In a recent Illinois case, the Illinois Appellate Court held that an “as is” clause may not be asserted as a defense by a seller who has actual knowledge of a material defect.
The defendants owned a home in Bannockburn, Illinois. The basement of the house flooded during a heavy rainstorm in May 1996. Defendants repaired the damage and made renovations to the home.
The plaintiffs purchased the home for $1.7 million in late 1997. The purchase contract contained a detailed, negotiated “as is” clause:
Purchaser acknowledges and represents that Purchaser and his representatives have personally examined the Property and Personal Property on at least six occasions and [have] had the Property professionally inspected. Purchaser is fully aware of the condition of the Property and accepts the Property in its “As Is” and “[Where] Is” condition, without any warranty or representation on the part of the Seller and Purchaser is fully satisfied with the condition of the Property.

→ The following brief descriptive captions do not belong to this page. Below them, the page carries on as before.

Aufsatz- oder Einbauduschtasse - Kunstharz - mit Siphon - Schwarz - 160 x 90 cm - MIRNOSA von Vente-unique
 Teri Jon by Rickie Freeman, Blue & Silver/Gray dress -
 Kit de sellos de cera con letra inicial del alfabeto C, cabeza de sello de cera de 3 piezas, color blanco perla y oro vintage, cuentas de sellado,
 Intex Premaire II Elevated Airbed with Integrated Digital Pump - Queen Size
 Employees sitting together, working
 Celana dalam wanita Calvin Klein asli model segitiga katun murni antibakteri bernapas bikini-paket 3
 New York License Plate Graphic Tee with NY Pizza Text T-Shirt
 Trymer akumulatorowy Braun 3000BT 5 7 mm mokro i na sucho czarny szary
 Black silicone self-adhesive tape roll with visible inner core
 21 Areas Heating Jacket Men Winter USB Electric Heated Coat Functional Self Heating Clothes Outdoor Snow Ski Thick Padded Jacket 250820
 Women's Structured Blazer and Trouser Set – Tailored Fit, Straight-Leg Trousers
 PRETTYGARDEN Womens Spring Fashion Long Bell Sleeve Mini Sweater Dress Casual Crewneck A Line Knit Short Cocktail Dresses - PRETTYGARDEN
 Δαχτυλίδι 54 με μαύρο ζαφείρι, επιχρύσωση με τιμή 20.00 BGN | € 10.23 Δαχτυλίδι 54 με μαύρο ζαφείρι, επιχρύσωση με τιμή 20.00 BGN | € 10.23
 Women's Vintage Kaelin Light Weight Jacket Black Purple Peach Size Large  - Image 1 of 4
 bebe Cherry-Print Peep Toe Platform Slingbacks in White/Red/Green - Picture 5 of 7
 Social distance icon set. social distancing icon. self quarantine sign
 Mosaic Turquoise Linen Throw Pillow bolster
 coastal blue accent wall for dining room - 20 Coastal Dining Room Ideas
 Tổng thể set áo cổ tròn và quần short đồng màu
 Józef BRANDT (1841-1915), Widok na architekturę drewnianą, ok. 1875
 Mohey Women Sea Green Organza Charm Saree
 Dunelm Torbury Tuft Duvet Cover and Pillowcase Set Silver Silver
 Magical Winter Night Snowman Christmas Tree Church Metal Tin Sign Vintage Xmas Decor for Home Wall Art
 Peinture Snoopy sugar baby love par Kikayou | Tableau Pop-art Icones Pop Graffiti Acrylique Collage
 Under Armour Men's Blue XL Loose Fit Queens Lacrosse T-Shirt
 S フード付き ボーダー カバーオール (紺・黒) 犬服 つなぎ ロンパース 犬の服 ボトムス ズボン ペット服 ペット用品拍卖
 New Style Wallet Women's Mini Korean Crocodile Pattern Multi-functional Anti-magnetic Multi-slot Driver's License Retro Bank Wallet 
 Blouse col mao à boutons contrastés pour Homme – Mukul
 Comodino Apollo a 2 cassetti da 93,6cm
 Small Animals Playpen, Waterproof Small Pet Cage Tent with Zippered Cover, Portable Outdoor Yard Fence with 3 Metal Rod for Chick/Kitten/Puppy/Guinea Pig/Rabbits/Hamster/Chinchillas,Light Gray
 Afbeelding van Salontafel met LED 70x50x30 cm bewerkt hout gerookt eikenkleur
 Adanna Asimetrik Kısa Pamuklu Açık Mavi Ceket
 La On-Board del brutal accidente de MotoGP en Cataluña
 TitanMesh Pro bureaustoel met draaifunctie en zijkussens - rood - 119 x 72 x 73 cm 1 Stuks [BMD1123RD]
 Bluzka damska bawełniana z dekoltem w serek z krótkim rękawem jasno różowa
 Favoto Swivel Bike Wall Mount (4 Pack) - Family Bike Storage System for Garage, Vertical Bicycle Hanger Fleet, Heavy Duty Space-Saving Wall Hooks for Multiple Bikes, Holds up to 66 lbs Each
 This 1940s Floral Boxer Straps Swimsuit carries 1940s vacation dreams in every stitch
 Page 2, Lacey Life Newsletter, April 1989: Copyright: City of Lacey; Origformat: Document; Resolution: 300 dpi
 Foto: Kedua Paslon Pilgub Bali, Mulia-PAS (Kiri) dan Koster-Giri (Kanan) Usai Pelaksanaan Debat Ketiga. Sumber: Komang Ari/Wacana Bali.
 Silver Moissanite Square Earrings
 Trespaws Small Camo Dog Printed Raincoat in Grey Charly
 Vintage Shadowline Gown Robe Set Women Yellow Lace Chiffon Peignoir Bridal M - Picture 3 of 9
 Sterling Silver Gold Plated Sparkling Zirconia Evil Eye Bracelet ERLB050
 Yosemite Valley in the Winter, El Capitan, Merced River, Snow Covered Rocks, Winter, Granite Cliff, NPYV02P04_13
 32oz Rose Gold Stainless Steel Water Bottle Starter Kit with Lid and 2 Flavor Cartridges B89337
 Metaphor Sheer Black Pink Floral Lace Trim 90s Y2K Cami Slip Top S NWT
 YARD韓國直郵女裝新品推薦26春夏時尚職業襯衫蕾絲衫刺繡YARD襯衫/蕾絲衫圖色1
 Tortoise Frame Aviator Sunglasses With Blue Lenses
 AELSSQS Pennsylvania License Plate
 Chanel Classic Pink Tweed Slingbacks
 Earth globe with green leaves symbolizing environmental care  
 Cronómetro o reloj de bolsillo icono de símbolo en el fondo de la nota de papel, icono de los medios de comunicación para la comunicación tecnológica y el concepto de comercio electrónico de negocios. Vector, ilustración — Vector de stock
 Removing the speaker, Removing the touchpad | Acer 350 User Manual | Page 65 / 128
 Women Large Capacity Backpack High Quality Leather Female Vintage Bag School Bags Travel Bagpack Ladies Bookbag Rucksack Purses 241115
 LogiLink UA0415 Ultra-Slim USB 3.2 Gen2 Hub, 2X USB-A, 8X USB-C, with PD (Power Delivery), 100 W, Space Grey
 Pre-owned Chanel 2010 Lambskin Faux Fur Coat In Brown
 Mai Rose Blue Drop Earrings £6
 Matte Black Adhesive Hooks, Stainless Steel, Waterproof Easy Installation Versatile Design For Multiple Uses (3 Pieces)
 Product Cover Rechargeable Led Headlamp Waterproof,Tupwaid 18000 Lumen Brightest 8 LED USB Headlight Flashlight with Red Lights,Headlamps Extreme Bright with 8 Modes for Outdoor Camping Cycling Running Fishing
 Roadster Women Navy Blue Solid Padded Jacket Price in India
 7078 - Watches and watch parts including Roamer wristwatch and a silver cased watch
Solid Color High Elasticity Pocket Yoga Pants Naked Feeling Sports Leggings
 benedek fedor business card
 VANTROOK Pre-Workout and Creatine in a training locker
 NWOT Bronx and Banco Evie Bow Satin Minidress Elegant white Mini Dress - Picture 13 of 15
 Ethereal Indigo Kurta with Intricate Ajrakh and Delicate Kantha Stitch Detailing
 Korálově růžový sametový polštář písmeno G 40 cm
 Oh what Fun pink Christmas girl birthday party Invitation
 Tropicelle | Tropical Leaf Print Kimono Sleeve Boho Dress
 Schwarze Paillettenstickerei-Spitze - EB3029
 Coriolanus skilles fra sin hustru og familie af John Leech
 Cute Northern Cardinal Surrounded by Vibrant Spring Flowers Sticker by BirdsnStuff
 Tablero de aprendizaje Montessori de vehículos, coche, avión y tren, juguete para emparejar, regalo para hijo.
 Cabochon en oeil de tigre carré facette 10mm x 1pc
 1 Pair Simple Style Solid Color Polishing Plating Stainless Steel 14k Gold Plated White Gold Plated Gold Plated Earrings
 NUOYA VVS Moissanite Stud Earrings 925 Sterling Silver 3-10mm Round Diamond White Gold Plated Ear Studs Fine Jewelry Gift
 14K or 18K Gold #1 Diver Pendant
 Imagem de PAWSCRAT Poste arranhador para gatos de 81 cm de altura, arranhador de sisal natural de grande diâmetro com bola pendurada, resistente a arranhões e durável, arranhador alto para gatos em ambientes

The defendants also provided to the plaintiffs the disclosure required by the Illinois Residential Real Property Disclosure Act, in which the defendants answered “No” to the statement “I am aware of flooding or recurring leakage problems in the crawl space or basement.”
In October 2001, the basement of the home severely flooded. As a result, the plaintiffs were required to make repairs costing $425,000. It was at this time the plaintiffs allege they first became aware of the 1997 flood, although defendants claim to have previously informed plaintiffs about the flooding. Upon so learning, plaintiffs filed suit to recover their repair costs.
Defendants took the position that the “as is” clause in the real estate contract precluded the plaintiffs from pursuing the action against the defendants, and moved for summary judgment. The trial court denied the defendants’ motion for summary judgment, holding it is against public policy to allow an “as is” clause to protect the defendants from damages resulting from their own fraudulent statements. The Appellate Court agreed, and further held that the “as is” clause should not even be admitted into evidence at trial, because the plaintiffs were entitled to rely on the defendants’ affirmative statement in the disclosure document that they were unaware of the flooding in the home.
Wise sellers will heed the warning of this case: Do not rely on an “as is” clause in a real estate contract to provide protection against misstatements of fact in a real estate contract or omissions of facts when preparing the disclosure document. Further, if there is a known defect in the property, disclose it in writing.